──────── Information given ────────
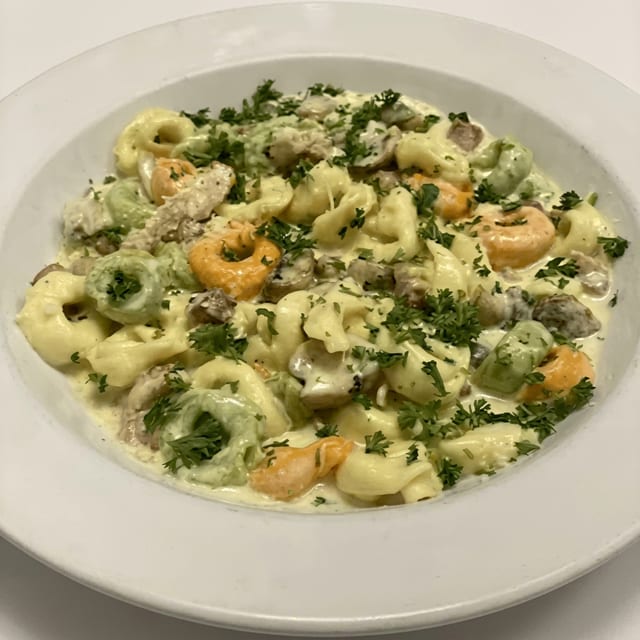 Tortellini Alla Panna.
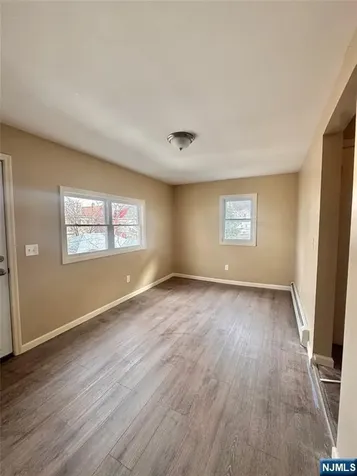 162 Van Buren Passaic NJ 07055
────────
──────── Information given ────────
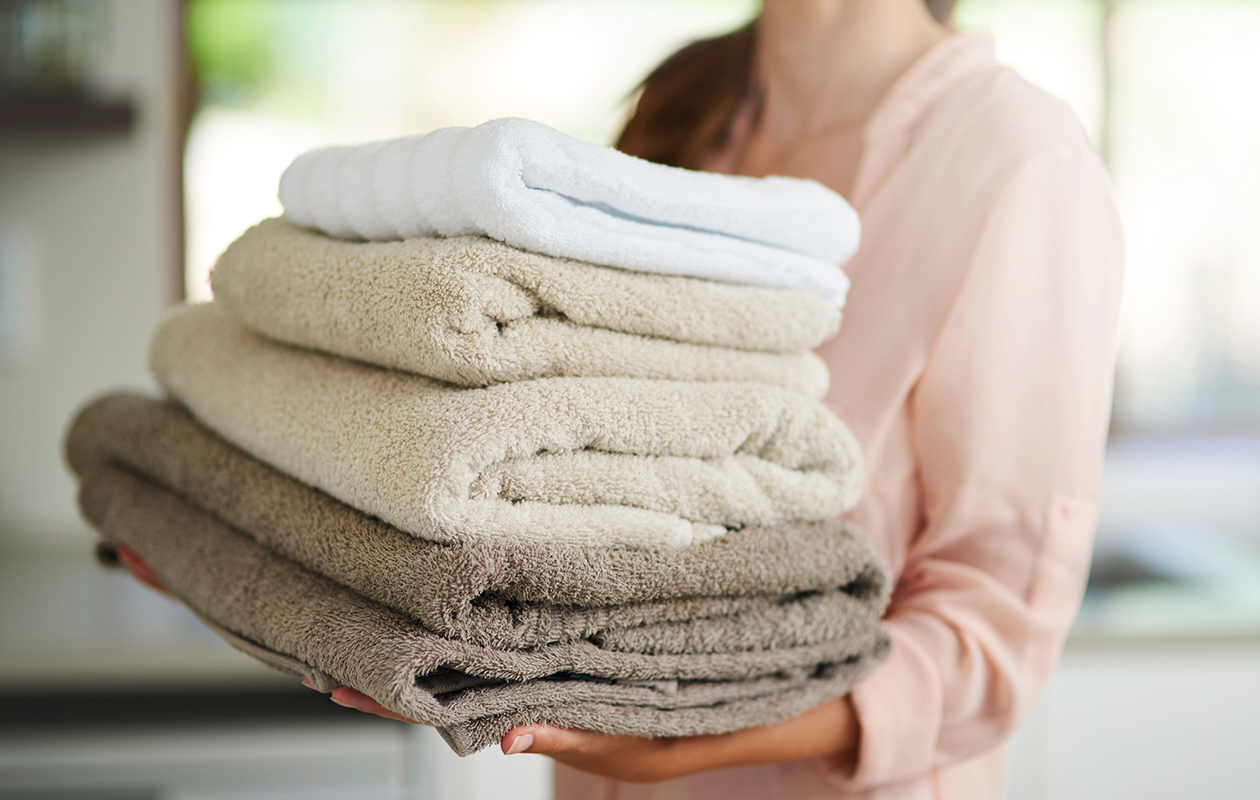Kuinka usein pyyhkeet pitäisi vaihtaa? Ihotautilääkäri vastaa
────────
**What to work on:** All lines above from the one containing "Tortellini Alla Panna." up to and including the one containing "162 Van Buren Passaic NJ 07055" are to be set down exactly, and nothing else. Leave images out.

**Solution to the exercise:**
 Tortellini Alla Panna.
 162 Van Buren Passaic NJ 07055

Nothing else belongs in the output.